EQT ist neuer Mehrheitseigner des Münchener Bausoftwareanbieters Thinkproject. Der Private-Equity-Investor erwarb die Anteile vom bisherigen Investor TA Associates sowie von Thinkproject-Gründer Thomas Bachmaier. Beide Parteien und das Management-Team bleiben aber auch nach dem Exit noch substanziell an Thinkproject beteiligt. Speziell TA Associates will das Unternehmen gemeinsam mit EQT noch weiter entwickeln.
Zum Kaufpreis wurden keine Angaben gemacht. Wie das „Handelsblatt“ unter Berufung auf Insiderinformationen berichtet, soll der M&A-Deal mehr als 700 Millionen Euro schwer sein. Auf Seiten von Thinkproject fungierte die britische Investmentboutique Arma Partners als exklusiver Finanzberater. Rechtlich wurde Thinkproject von Hengeler Mueller und Travers Smith beraten, EQT von der Kanzlei Milbank. Die Transaktion soll bis Ende des Jahres abgeschlossen sein.
EQT sieht enormes Wachstumspotenzial
Thinkproject setzt auf Software aus der Cloud („Software as a service“: SaaS), mit deren Hilfe Planer und Bauunternehmen den kompletten Lebenszyklus eines Bauprojekts digital abbilden können. So sollen Zeit- und Kostenüberschreitungen vermieden werden.
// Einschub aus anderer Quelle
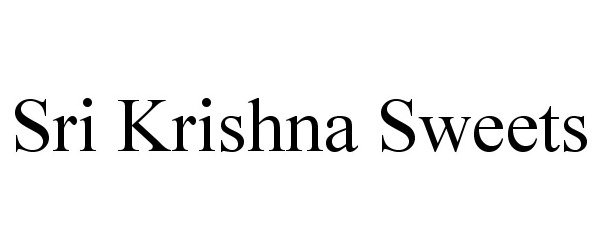 Trademark Logo SRI KRISHNA SWEETS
Der US-Private-Equity-Investor TA Associates war 2017 in das Unternehmen eingestiegen. Bereits Mitte Oktober hatte die Nachrichtenagentur „Reuters“ über mögliche Verkaufsabsichten berichtet. Das im Jahr 2000 gegründete Unternehmen beschäftigt rund 450 Mitarbeiter. Unter den über 2.750 Kunden finden sich unter anderem die Deutsche Bahn und der österreichische Bauriese Strabag. Zu den Referenzprojekten, die mit Hilfe von Thinkprojekt-Software umgesetzt wurden, gehören die Elbphilharmonie in Hamburg, die BMW-Welt in München und der Flughafen in Hongkong.
EQT hat große Pläne mit Thinkproject
Die Logik hinter dem Deal ist aus Sicht von EQT das riesige noch unerschlossene Potential der Bauwirtschaft in Sachen Digitalisierung. Mit 13 Prozent des gesamten Welt-BIPs ist der Bau der größte Industriezweig der Welt, doch das Produktivitätswachstum ist minimal.
Der Grund dafür sind veraltete Prozesse, auch in Deutschland. Vor einem Jahr hatte das Mannheimer Wirtschaftsforschungsinstitut ZEW verheerende Zahlen zum Stand der Digitalisierung in der Bauindustrie präsentiert. Einer ZEW-Umfrage zufolge zeigte jedes zweite damals befragte Unternehmen null Interesse an Digitalisierungsprojekten. Die Wirtschaftsforscher führten dies auf den großen Anteil von Kleinbetrieben und den jahrelangen konjunkturellen Rückenwind zurück, der den Veränderungsbedarf in der Branche klein halte.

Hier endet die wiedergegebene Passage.